Finops Stops MegaFlops, Perhops?

According to the FinOps Foundation (made up of companies selling cloud budget management solutions), we are paying too much for cloud services. Well, as Sir Arthur Conan Doyle didn’t say: No Sh*t, Sherlock. As I mentioned in Avoiding a Cloud Di-XaaS-ter and The Customer is ‘king Furious, our cloud suppliers are in the business of making money, particularly from our ignorance and stupidity in not controlling our cloud usage.  As the bean-counters get increasingly alarmed at the skyrocketing IT costs, some discipline around cloud cost containment wouldn’t go amiss.

But FinOps is just another in the current vogue of prefixing -Ops with something clever and pronounceable, to make clever pronouncements. So, here’s my guide to which -Ops are Tops and which are Flops:

SysOps

Back in the dawn of computing, the primitive and temperamental mainframes needed handling with kid gloves to keep them going. This was provided by System Operators (SysOps), who had to literally handle the I/O for the computer (magnetic tapes drives, punched paper tape, card decks, and concertina printout paper). Later the term SysOps was used for those poor souls who had to handle primitive and temperamental forum members on Bulletin Board Systems (BBS). Now normally called SysAdmins or Moderators.

DevOps

You may be most familiar with the term DevOps, which appeared in 2008 as a way to bridge the perceived gap between development (code/deploy/run!) and operations (“all change is evil”). This became particularly acute with the rise of the cult of agile, where the dev desire for daily deployment clashed with obstinate operations optimum option of occasional outages. DevOps has crested the Peak of Inflated Expectations and is currently dribbling down towards the Trough of Disillusionment, as people struggle to put in place the tools and techniques to prevent a total meltdown.

SecOps

One of the missing pieces for DevOps is the integration of security practices through the accelerated Software Development Life Cycle (SDLC) that comes with agile & DevOps. Some DevOps fanatics see their cyber security colleagues as the enemy, always saying no to change. The reverse view of DevOps as cowboy coders probably doesn’t help. More cross-team collaboration and better automated security tasks is leading to the operationalisation and hardening of the security for the apps.  Try to avoid the horrible DevSecOps tag that is doing the rounds.
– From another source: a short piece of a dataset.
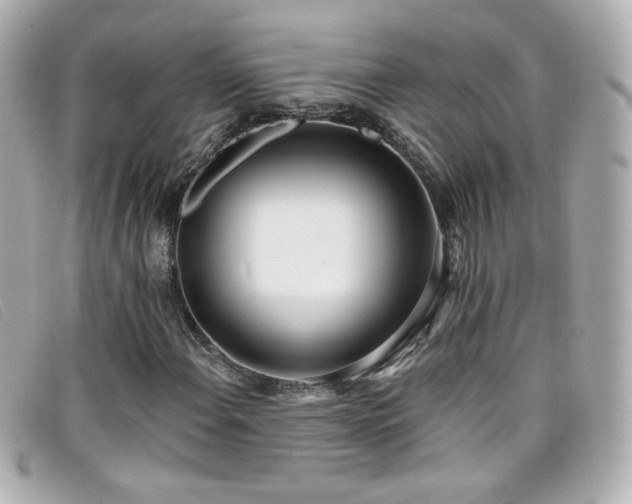 X0000099441108200805091306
Or NetOps, DBAOps, etc.

NoOps

As with coding, going through its own religious wars with low-code and no-code factions, DevOps is already being challenged (or if I’m being kind, supplemented) by NoOps. This isn’t a free-for-all approach, but one based on abstracting and automating the infrastructure management, maintenance and deployment with specialist tools. Theoretically this would do away with a need for the operations team, but as we old fogeys know, it’s still useful to have real brains around when you hit the known & unknown unknowns that Donald Rumsfeld warned us about.

WhoOps

Of course, we could just muddle on with our confused, warring and ultimately company-risking operational omnishambles (AKA WhoOps) for app development & deployment. But with increasingly frequent outages, data breaches and ransomware blackmailing, our heads will suffer ChOps and LOps if our apps flOps. Whoops!